The critical values are obtained as follows. For a normal random variable \(x \sim N(\mu, \sigma^2)\) with mean \(\mu\) and variance \(\sigma^2\) and density function \(p(x|\mu, \sigma^2)\) we can compute the probability \[ \text{Pr}(x \leq \mu + c \sigma) = \int_{-\infty}^{\mu+c\sigma} p(x|\mu, \sigma^2) dx = \Phi (c) = \frac{1+\kappa}{2} \] where \(\Phi(c)\) is the cumulative distribution function (CDF) of the standard normal \(N(0,1)\) distribution. Its inverse \(\Phi^{-1}\) is the standard normal quantile function. The critical value \(c\) is obtained by \[ c=\Phi^{-1}\left(\frac{1+\kappa}{2}\right) \]

One-sided confidence interval based on the chi-squared distribution

Figure A.3: Construction of a one-sided confidence interval based on a chi-squared distribution with one degree of freedom.

For a chi-squared distributed statistic commonly a one-sided CI of the form \([0, c ]\) is used with nominal coverage probability \(\kappa = \text{Pr}(x \leq c)\) (see Figure A.3).

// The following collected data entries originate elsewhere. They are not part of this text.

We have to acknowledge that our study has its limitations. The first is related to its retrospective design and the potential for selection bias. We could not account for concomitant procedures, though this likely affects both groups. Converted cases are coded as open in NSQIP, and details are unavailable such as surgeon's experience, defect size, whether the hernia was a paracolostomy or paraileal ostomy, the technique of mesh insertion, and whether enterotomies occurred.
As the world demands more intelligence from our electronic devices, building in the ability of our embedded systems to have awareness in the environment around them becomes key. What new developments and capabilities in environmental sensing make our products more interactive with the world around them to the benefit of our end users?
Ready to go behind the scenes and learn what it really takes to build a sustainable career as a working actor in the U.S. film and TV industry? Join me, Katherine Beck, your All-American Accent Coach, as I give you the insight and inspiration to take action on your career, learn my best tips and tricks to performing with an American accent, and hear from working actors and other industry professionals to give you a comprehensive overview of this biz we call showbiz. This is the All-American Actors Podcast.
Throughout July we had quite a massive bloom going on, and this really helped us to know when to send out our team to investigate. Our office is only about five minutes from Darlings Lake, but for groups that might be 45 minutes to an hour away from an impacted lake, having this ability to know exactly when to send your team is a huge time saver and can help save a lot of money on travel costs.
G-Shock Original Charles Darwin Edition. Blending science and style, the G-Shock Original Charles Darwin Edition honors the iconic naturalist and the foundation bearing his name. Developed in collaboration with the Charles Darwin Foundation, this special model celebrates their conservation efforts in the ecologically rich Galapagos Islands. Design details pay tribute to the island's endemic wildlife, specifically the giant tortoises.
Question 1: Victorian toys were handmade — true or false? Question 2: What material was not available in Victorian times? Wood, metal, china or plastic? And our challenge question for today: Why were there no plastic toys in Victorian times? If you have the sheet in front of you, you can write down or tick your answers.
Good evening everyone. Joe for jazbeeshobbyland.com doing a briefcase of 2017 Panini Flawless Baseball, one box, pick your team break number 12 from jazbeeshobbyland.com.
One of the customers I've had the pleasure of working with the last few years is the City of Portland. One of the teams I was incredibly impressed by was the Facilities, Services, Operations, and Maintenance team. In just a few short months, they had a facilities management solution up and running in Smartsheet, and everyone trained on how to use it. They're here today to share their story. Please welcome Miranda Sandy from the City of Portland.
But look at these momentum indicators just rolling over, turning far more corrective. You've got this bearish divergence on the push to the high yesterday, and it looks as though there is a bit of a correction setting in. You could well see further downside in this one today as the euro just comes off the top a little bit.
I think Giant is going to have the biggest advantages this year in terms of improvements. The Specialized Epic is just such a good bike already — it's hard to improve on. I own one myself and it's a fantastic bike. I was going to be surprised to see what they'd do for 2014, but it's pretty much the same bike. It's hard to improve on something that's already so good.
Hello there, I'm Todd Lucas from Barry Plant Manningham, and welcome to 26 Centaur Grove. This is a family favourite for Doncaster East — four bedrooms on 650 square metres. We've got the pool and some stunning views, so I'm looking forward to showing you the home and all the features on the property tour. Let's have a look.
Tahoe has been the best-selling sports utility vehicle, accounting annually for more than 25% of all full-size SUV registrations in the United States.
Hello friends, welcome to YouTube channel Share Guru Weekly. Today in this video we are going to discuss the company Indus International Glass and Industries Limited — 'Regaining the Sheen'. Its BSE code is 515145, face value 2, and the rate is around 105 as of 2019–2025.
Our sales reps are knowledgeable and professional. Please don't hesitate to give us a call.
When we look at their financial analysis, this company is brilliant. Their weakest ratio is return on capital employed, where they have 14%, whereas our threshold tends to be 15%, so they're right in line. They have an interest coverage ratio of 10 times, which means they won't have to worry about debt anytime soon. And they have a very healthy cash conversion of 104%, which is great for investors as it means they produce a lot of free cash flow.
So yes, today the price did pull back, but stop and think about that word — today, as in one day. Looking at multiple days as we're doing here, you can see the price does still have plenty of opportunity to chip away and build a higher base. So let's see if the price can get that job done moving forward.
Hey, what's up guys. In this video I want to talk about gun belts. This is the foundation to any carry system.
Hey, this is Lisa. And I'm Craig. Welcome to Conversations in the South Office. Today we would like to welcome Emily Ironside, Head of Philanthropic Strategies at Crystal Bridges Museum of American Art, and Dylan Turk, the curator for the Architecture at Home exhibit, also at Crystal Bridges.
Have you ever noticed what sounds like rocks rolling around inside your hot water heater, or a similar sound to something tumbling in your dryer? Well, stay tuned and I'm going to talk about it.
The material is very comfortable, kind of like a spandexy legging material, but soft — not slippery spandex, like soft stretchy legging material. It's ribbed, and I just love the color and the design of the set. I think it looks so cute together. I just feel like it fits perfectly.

As before we obtain \(c\) from the quantile function, i.e. by inverting the CDF of the chi-squared distribution.

Table A.2: Critical values for the chi-squared distribution with one degree of freedom.
Coverage \(\kappa\) Critical value \(c\)
0.90 2.71
0.95 3.84
0.99 6.63

Table A.2 lists the critical values for the three most common choices of the coverage probability \(\kappa\) for a chi-squared distribution with one degree of freedom. Note that these critical values are the squared values of the corresponding thresholds in Table A.1 (with small discrepancies due to rounding).